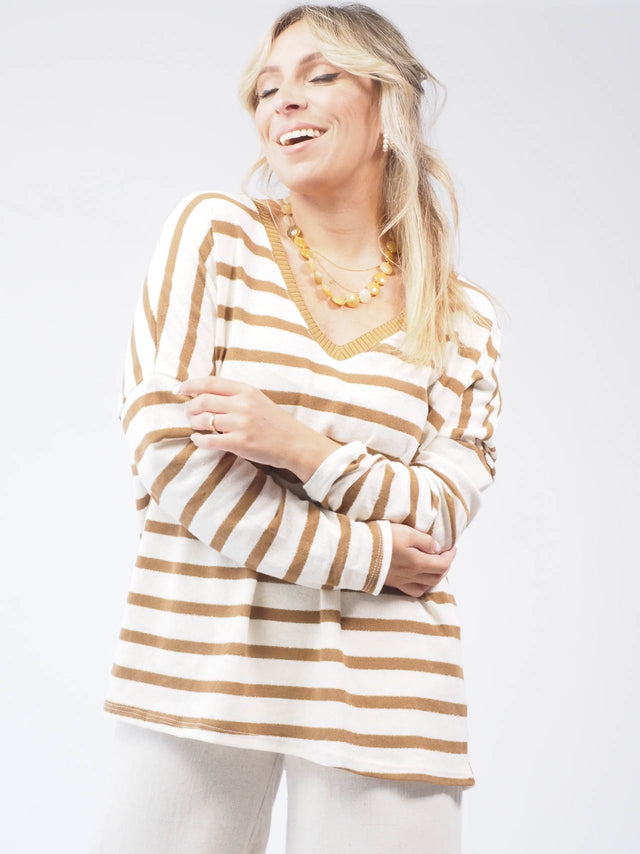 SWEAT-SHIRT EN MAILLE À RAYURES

■ ■ ■ ■ ■

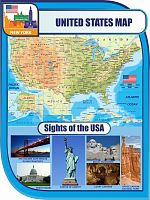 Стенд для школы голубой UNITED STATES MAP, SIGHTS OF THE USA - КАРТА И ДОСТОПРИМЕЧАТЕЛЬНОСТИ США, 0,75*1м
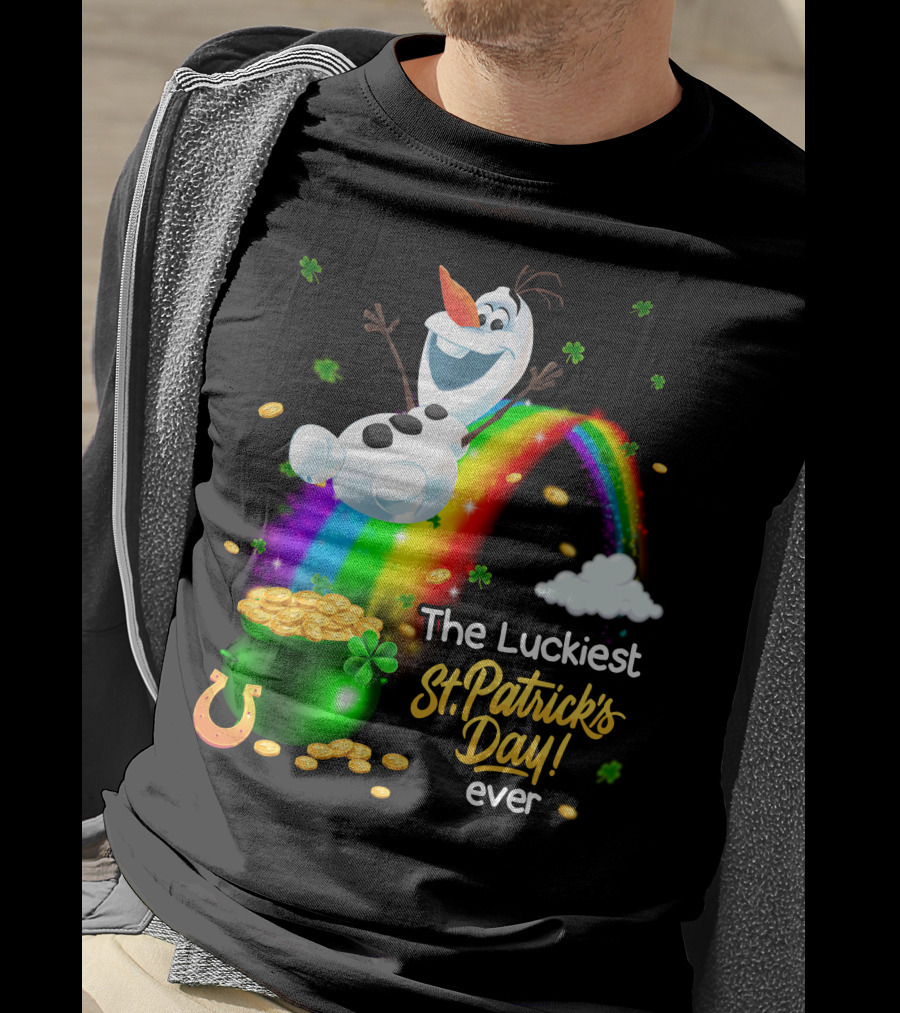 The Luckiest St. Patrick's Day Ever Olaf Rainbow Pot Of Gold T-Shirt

■ ■ ■ ■ ■

● **Assignment**:
Excerpt from the records above: set down only the lines from the one that contains "Стенд для школы" through the one that contains "The Luckiest St.", inclusive, word for word. Pictures stay out.

● **Response to the task**:
 Стенд для школы голубой UNITED STATES MAP, SIGHTS OF THE USA - КАРТА И ДОСТОПРИМЕЧАТЕЛЬНОСТИ США, 0,75*1м
 The Luckiest St. Patrick's Day Ever Olaf Rainbow Pot Of Gold T-Shirt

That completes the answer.